**Given records:**
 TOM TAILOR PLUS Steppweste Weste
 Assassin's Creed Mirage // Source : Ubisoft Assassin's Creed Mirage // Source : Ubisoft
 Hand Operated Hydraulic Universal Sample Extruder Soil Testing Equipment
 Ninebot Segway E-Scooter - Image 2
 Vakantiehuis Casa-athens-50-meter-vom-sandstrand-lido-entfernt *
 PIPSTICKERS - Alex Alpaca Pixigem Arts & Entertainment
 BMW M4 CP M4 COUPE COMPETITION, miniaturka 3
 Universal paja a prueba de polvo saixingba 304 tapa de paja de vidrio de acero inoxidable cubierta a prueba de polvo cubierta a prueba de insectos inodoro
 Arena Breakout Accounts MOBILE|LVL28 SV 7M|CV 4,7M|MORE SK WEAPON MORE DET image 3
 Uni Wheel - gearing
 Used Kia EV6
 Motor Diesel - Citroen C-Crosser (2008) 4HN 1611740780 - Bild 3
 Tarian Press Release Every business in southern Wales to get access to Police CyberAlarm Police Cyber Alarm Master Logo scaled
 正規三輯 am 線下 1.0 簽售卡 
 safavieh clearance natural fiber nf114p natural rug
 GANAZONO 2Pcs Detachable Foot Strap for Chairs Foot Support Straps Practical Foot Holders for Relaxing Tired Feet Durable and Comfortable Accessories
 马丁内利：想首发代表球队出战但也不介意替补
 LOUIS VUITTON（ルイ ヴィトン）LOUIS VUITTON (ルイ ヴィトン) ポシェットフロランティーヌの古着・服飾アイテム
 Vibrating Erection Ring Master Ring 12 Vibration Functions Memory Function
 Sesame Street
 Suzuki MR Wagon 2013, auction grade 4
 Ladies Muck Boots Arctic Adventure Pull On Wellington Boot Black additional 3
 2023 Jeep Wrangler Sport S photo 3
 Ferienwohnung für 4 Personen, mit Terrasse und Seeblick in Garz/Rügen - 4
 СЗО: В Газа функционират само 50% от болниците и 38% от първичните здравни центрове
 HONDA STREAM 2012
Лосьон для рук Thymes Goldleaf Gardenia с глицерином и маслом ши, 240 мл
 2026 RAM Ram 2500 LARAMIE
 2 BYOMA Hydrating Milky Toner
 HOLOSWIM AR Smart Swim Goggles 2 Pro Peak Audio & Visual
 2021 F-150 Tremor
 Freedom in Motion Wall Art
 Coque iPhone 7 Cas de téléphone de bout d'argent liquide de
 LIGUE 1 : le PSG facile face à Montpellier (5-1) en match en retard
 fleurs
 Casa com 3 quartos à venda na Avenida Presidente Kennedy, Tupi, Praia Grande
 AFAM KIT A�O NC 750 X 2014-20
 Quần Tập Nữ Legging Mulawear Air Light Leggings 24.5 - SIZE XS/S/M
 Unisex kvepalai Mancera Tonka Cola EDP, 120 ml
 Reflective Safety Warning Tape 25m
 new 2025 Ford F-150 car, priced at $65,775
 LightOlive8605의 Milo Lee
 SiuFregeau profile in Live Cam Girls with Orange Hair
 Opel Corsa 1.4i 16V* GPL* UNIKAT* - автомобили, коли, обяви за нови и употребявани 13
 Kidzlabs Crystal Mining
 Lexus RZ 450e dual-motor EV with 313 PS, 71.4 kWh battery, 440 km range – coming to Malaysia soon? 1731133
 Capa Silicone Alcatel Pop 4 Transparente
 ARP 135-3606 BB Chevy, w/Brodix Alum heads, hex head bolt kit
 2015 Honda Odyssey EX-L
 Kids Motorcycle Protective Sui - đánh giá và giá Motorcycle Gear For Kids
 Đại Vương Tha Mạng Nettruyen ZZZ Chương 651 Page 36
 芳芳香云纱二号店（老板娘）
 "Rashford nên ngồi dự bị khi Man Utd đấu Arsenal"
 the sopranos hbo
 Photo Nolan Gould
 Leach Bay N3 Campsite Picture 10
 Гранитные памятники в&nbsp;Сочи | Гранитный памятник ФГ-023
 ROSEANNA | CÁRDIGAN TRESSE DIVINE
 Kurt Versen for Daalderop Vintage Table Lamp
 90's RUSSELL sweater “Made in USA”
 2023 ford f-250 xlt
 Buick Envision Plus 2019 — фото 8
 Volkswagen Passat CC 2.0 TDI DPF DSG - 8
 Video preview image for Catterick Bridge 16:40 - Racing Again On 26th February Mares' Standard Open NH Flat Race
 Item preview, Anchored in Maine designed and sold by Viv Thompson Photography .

**Work required:**
Take the records above and return, word for word, only the lines that fall from the line with "Đại Vương Tha" to the line with "Kurt Versen for Daalderop Vintage Table Lamp", both of them included.

**Output for this exercise:**
 Đại Vương Tha Mạng Nettruyen ZZZ Chương 651 Page 36
 芳芳香云纱二号店（老板娘）
 "Rashford nên ngồi dự bị khi Man Utd đấu Arsenal"
 the sopranos hbo
 Photo Nolan Gould
 Leach Bay N3 Campsite Picture 10
 Гранитные памятники в&nbsp;Сочи | Гранитный памятник ФГ-023
 ROSEANNA | CÁRDIGAN TRESSE DIVINE
 Kurt Versen for Daalderop Vintage Table Lamp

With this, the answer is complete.